Friday, March 9, 2012
So What Now?
Much like marriage inevitably leads to questions about when you're going to have babies, having a baby leads to questions about when you're going to have more babies.
The thing is? I'm not lying when I say I don't know. We're still debating the when and the if. There are so many things that are amazing about it just being the three of us, and right now we're lucky because my sister is living with us while going to college, so we have a built in baby sitter for date night. Awesome! But by the time baby #2 comes along (if they do), she probably won't be there, which means finding a REAL sitter. Less fun. Then there's family vacations becoming paying for four people instead of three, wrangling two kids instead of one - which means we would no longer outnumber the child portion of the house population.

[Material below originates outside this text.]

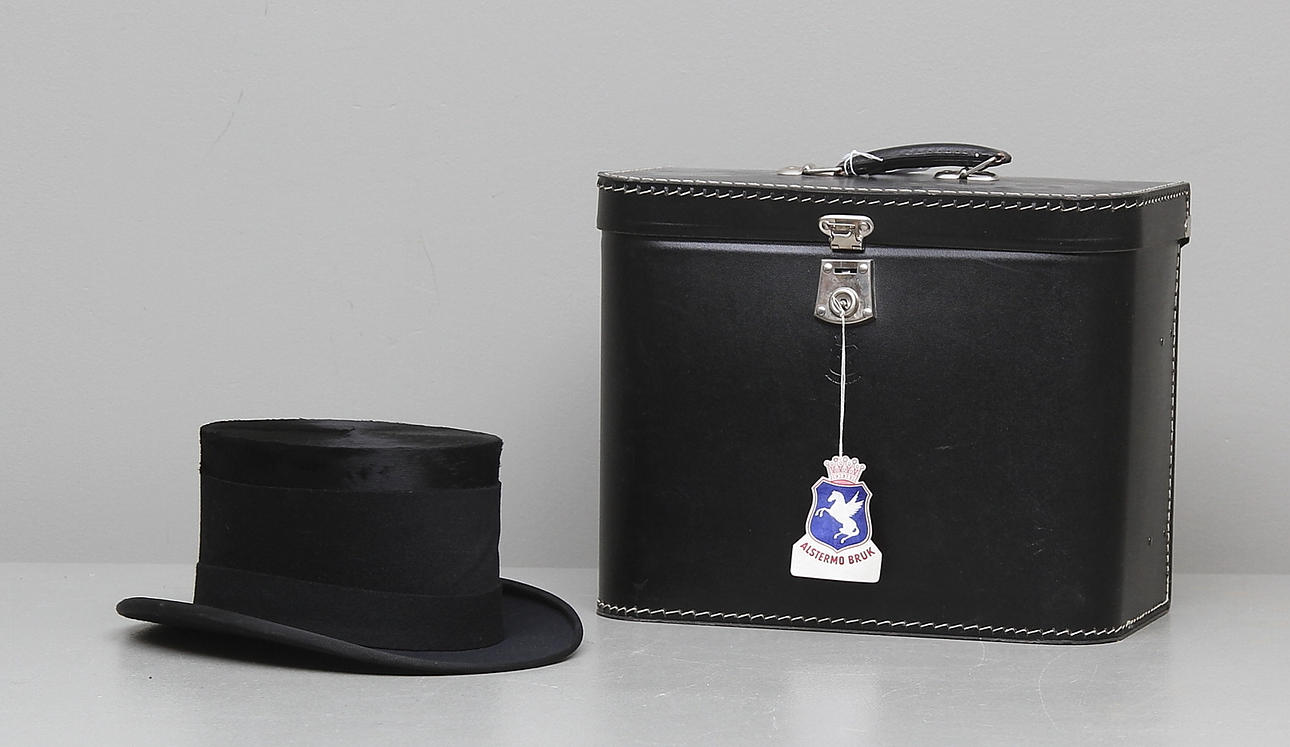 CYLINDERHATT med HATTASK, 1900-tal.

On the other hand, we both love being parents. After spending most of our lives thinking we'd never do it... it's amazing. Pike is amazing. Watching him grow and change is probably the coolest thing I've ever seen (no offense to my sister since it was also super fun watching and experiencing that with her). He's smart and gorgeous and, I'm sure, will continue to be super fabulous. So if one baby is fabulous, why wouldn't a second be?
But what if they weren't? What if we had a second kid and they were terrible and cranky and mean and ugly? Not likely since we're so amazing, but it could happen.
So what thoughts make you want - and not want - to do it all over again?